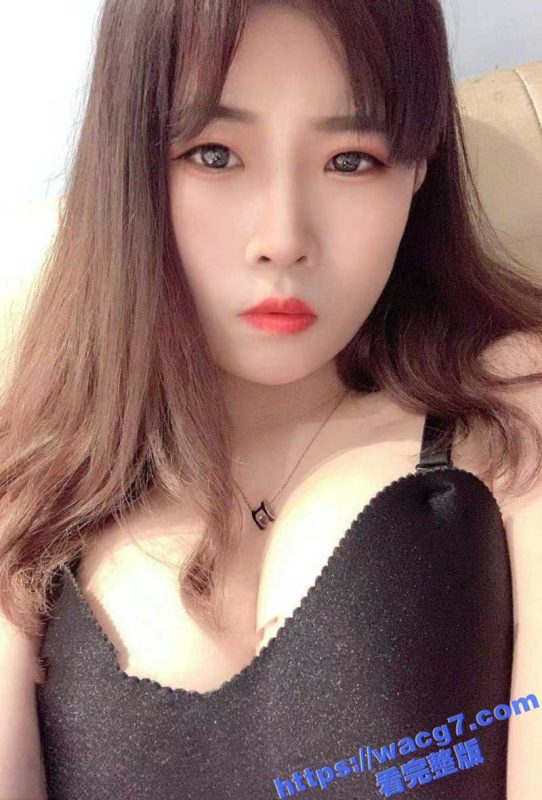 网聊台湾少妇 竟主动发自拍露脸视频 性感诱惑暗示 看来是被调教了啊！-51吃瓜网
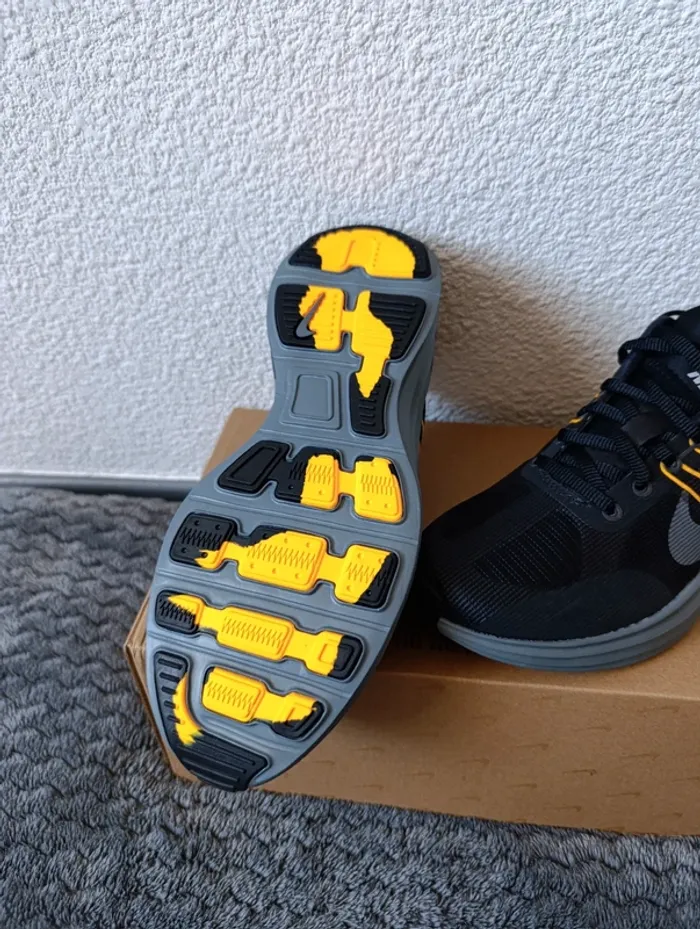 Baskets neuves Nike Lunar Roam taille 38,5 - photo numéro 5
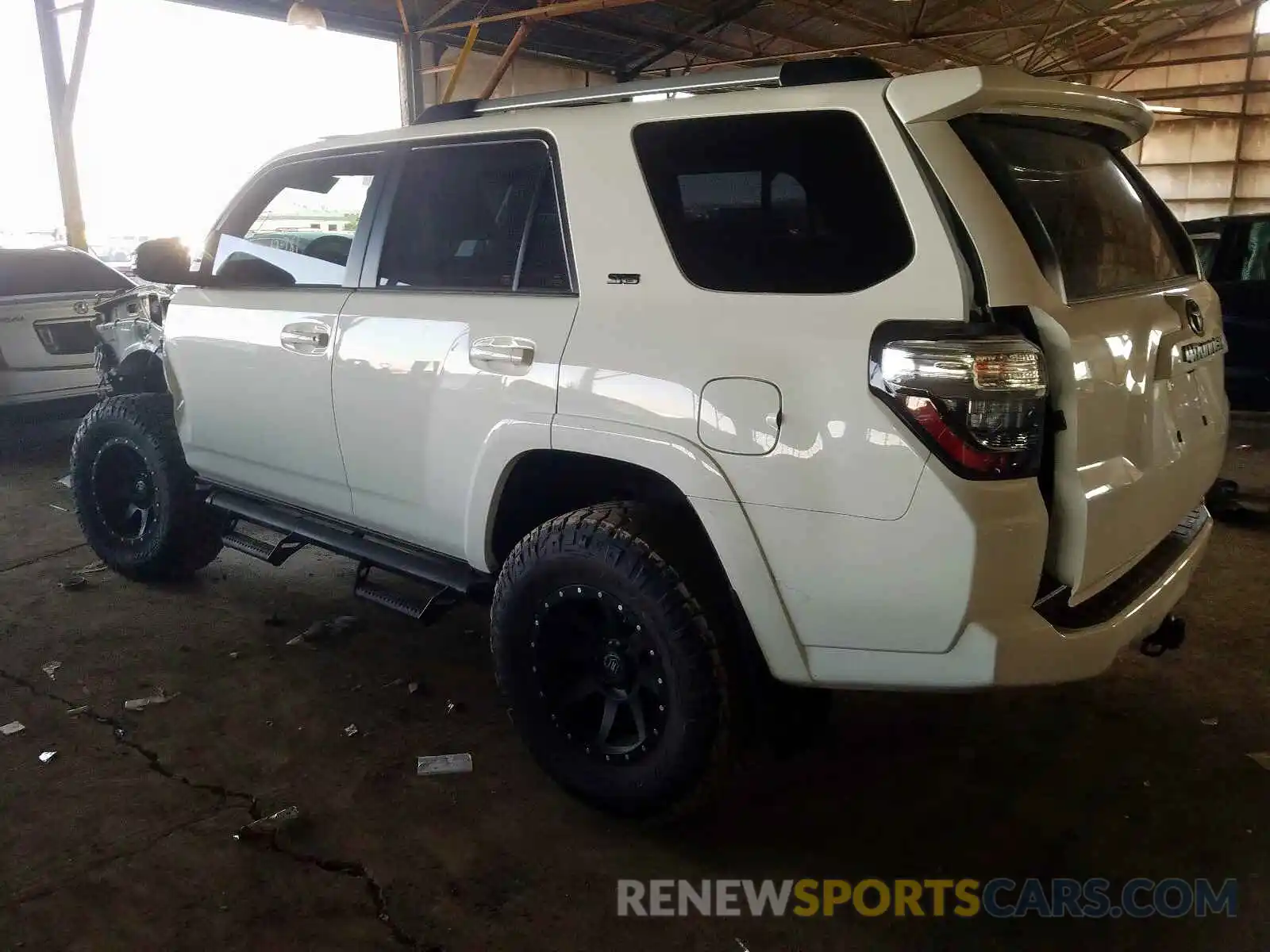 3 Фотография поврежденного автомобиля JTEBU5JR8K5642958 TOYOTA 4RUNNER 2019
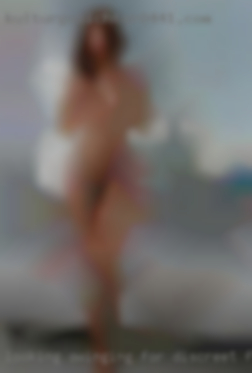 Looking swinging for discreet fuck buddy from Michigan.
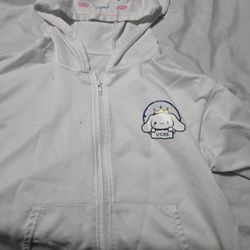 Cinnamon Roll Gear For Kids ....for Ages 5 To 8.....selling Everything For 40 Dollars..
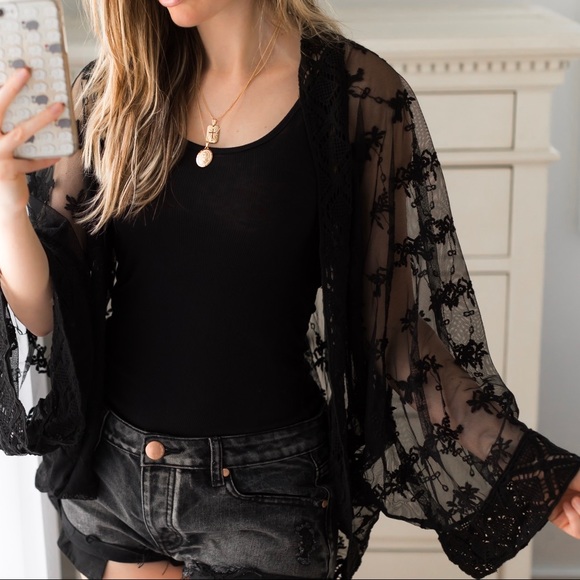 Festival Lace Kimono - Picture 5 of 7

____

> WHAT TO DO
From the line that contains "Baskets neuves Nike" down to the final line of the entries above, please copy each line exactly, excluding pictures.

> REPLY
 Baskets neuves Nike Lunar Roam taille 38,5 - photo numéro 5
 3 Фотография поврежденного автомобиля JTEBU5JR8K5642958 TOYOTA 4RUNNER 2019
 Looking swinging for discreet fuck buddy from Michigan.
 Cinnamon Roll Gear For Kids ....for Ages 5 To 8.....selling Everything For 40 Dollars..
 Festival Lace Kimono - Picture 5 of 7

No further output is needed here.